On Feb. 26, 2013, the Houston Chronicle ran this headline: “Today’s the day: Democrats Launch ‘Battleground Texas’ project to end GOP dominance.”
Headed by revered Obama campaign alumni, the organization began promising donors it would turn Texas purple by registering voters, tapping into the growing Hispanic population, appealing to women and driving up turnout.
But two years in, the group has fallen completely flat. And with 2016 approaching, Democrats willing to invest in the group again deserve to lose their money.
It spent its initial months claiming Texas wasn’t as Republican as it seemed, generating favorable headlines by jazzing up the local media with untested theories. By late June of 2013, Battleground had caught its first “break”: state Sen. Wendy Davis’ speech on the Senate floor opposing abortion restrictions. Battleground now had a candidate to carry the torch, and it only took the group a little more than a month to start the “We Want Wendy” campaign.
This should have been the first sign of concern for anyone hopping on the Battleground train. Their hand-picked candidate had made her name by opposing restrictions on abortions after five months, and Battleground seemed to think this wouldn’t be an issue in a deep red, socially conservative state. Battleground also had over a month to vet Davis — plenty of time to research her mountain of ethical problems and her tendency to employ scorched-earth political tactics, which would later come back to haunt her.

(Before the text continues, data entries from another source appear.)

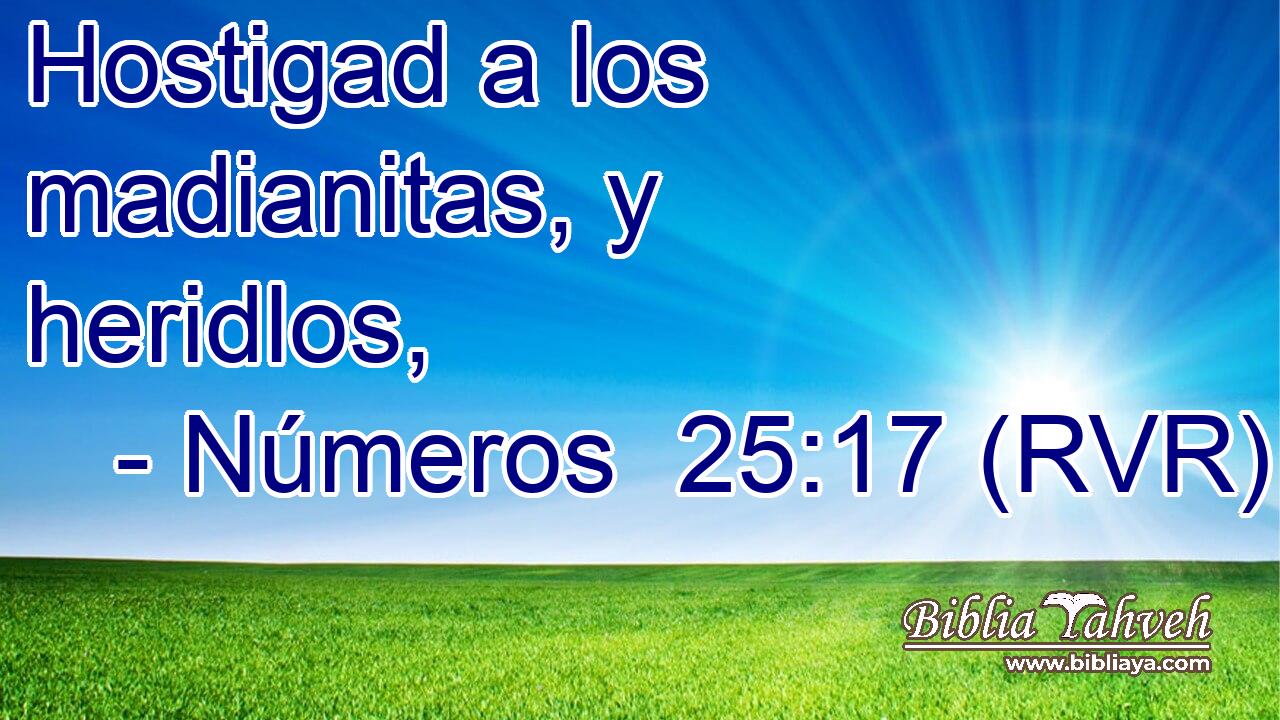 Hostigad a los madianitas, y heridlos,
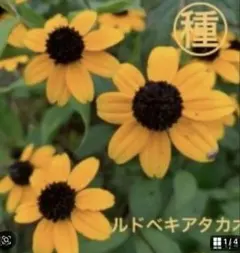 うさこ様 リクエスト 2点 まとめ商品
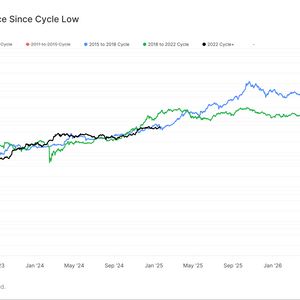 Bitcoin Could Cross $1M by Year-End if It Continues to Follow 2017 Cycle: Van Straten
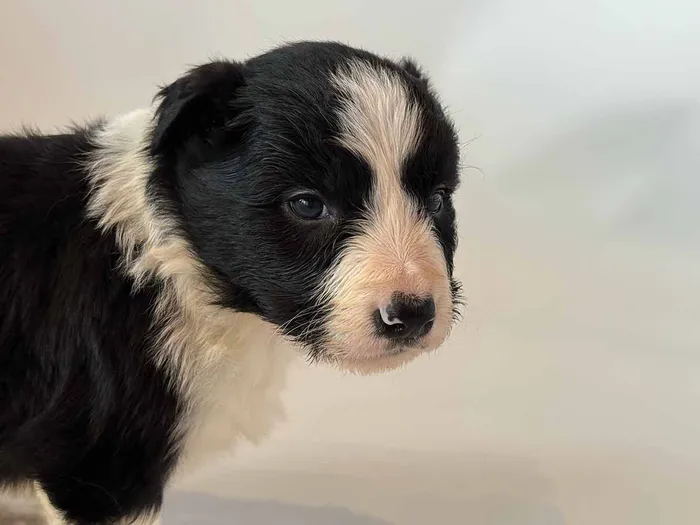 LWR301CPR - Border Collie ♂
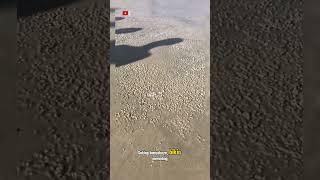 Download lagu Tiba Tiba Muncul Ribuan Kerang!🫣😱 #shorts #kerang #faktamenarik mp3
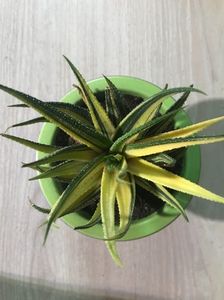 Haworthia Attenuata Variegata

But Battleground and Davis plunged full steam ahead, and as they began their joint operation, they quickly began to feed the narrative that they were well on their way to turning Texas blue. A year in, Battleground had “mobilized nearly 12,000 active volunteers working across the state” and “recruited more than 5,700 volunteers to be deputized by their counties to register voters,” the group boasted.
The first test for Battleground came on March 4, 2014, in the Texas primary. Despite months of bragging about engagement, Davis actually performed worse in five heavily Hispanic South Texas counties than Bill White did in 2010. She ended up losing more than 20 counties to an unknown and unfunded candidate. Even more embarrassing was the fact that of newly registered voters, more than 70 percent chose to vote in the Republican primary rather than in the Democratic primary.
But Battleground and the media weren’t about to throw in the towel. The group continued to cite stats like 2 million people contacted and 22,000 volunteers identified, with the Davis campaign its biggest investment.
As the election neared, Battleground touted that voter registration in Texas’ five largest counties — the typically blue Harris, Dallas, Tarrant, Bexar and Travis — increased by 2 percent. But that figure didn’t even keep pace with population growth in those counties. The Greg Abbott campaign, meanwhile, was seeing large increases in voter registration in big Republican counties like Collin (14.3 percent), Fort Bend (17.5 percent) and Williamson (14.2 percent).
Then, in late October, the data wizards at Battleground issued a memo boasting that early voter turnout in Texas was up 36 percent. The claim, however, was based on faulty data from 2010, and the group was forced to correct its numbers.
So what did Battleground’s supporters ultimately get in return for their millions of dollars in donations? A shellacking. Republicans picked up a handful of new seats in the state Legislature (including Davis’ old Senate seat); Greg Abbott won 10 counties that went for White in 2010, including Bexar and Harris; Republicans flipped a congressional seat; and Abbott beat Davis by 20 points. When you dig deeper into the numbers, it gets worse for Battleground: Exit polls showed that Abbott received 44 percent of the Hispanic vote, compared with 38 percent for Rick Perry in 2010. Abbott also won 52 percent of the female vote, compared with Davis’ 47 percent.
If these are the results Battleground Texas delivers, it can stay as long as it wants.
Battleground’s founder did take a brief hiatus from Texas after the election — not to regroup but to “assist” in the Israeli effort to oust Prime Minister Benjamin Netanyahu. He didn’t need to travel 7,000 miles to rediscover that he is just as bad at winning elections in Israel as he is in Texas.
The bottom line is this: Apps and big data can be useful tools in elections, but when you’re selling a flawed product, no amount of spin will convince voters otherwise.
Back in Texas, Battleground is trying to revive its mission, and apparently the new game plan is the same as the old. As Texas Monthly reported in February, Battleground recently met with about 80 donors to highlight its “progress” in the last election by recycling the same old stats: nearly 100,000 newly registered voters, about 35,000 new volunteers, 1.4 million voter contacts.
Sound familiar? Battleground can keep calling and knocking all it wants. Republicans will keep answering.